The Commissioner issued a notice demanding tax, interest and penalty from 1 June 2007 to 31 March 2014 and confirmed this demand in the assessment. Aggrieved by such assessment, the assessee appealed the Tribunal
The Tribunal dismissed the appeals and made the following observations:
- Various landmark decisions on leasing or licensing vacant land for business or commerce, which validated the imposition of service tax since 1 June 2007, were analysed and held to be applicable here.
- Any amount paid or payable for taxable service provided, or to be provided is considered as consideration. Hence, lease premium along with lease rentals received should be treated as consideration for services of “renting of immovable property.”
- “Transfer of title” is not equivalent to transfer of “right” or “interest” in immoveable property, as only the former category is precluded from taxation under section 65B(44) of the Finance Act, 1994.
- The assessee is a “development agent” under section 113(3A) of the Maharashtra Regional and Town Planning Act, 1966 (MRTP) and not a “development authority” under section 113(3) of the MRTP. Hence, the benefit of circular 89/ 7/ 2206-ST dated 18 December 2006, which extended to public authorities undertaking statutory functions, cannot be availed.
- Failure to disclose relevant facts, obtain registration, file returns are sufficient reasons to invoke the extended period of limitation under section 73 and impose penalty.
- The assessee, being an industrial development corporation created by GoM, was in-principle entitled to the exemption granted under section 104 to long-term lease of industrial plots. Owing to this, the determination of this exemption was remanded back to the assessing authority for re-consideration.
- Since leasing of land for residential purposes was also exempt, the entitlement to this exemption was also remanded back to the Commissioner for re-consideration.
It should however be noted while the two-member bench gave a concurrent ruling, the second member expressed reservations on various constitutional grounds, including the inherent right to tax transactions in land and provisions of the Transfer of Property Act, 1882.

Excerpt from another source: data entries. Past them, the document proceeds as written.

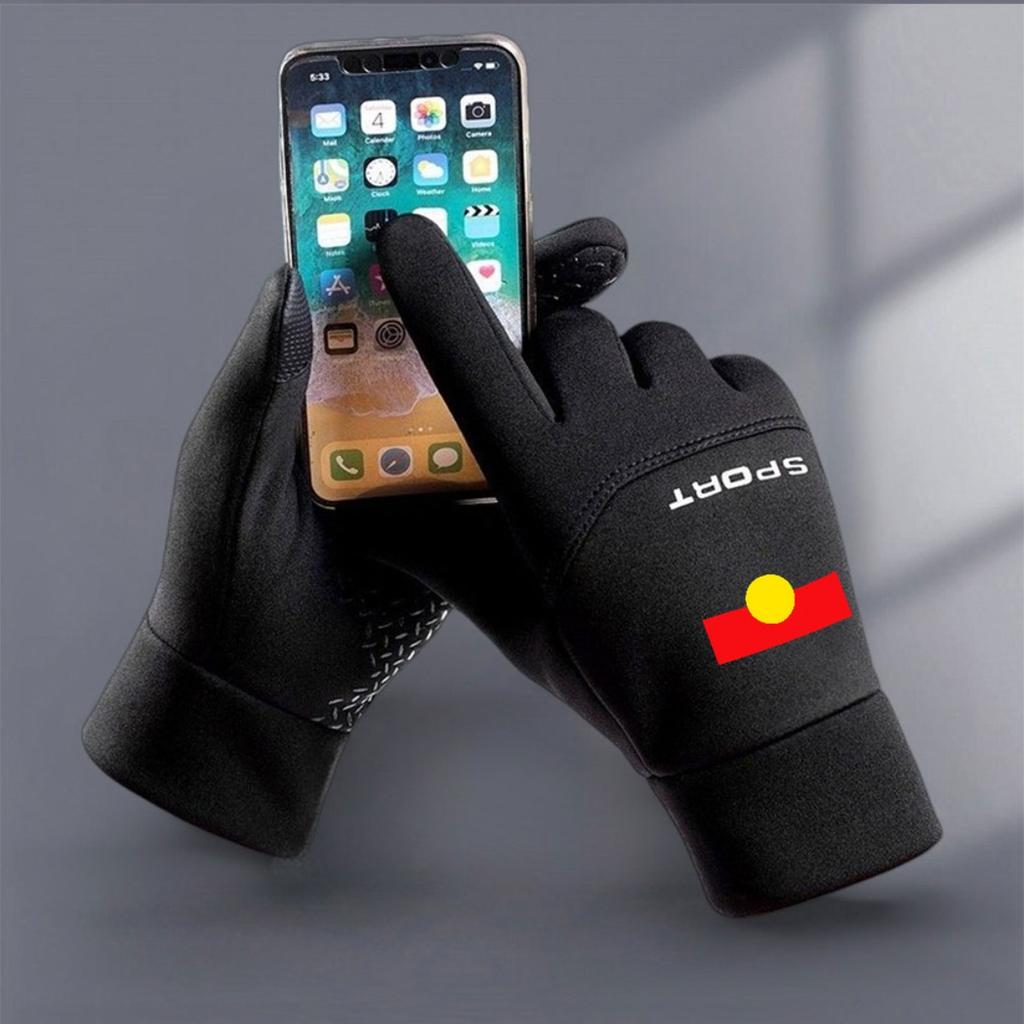 Winter gloves are warm and suitable for outdoor activities. The touch screen and anti-slip design are suitable for cycling and hiking.
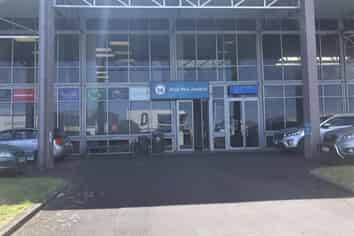 Showroom/Retail + Warehouse on Great South Road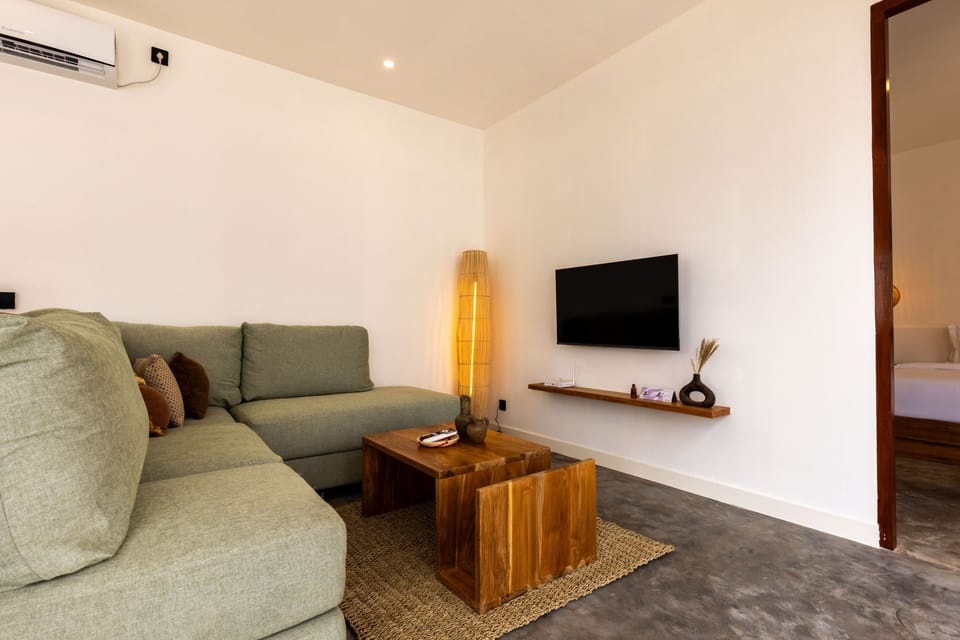 Suite | Living area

PwC comments: This decision re-confirms service tax liability on long-term lease arrangements in general and is at par with various precedents. However, the reservations expressed on constitutional and other grounds on imposing tax on lease above 30 years have left a window open for debate at further appellate levels. However, since the Tribunal is not an authority on the Constitution, such observation of the judicial member would only have referential value, since such constitutional and other arguments beyond the tax statutes can be analysed only at the High Court and Supreme Court levels.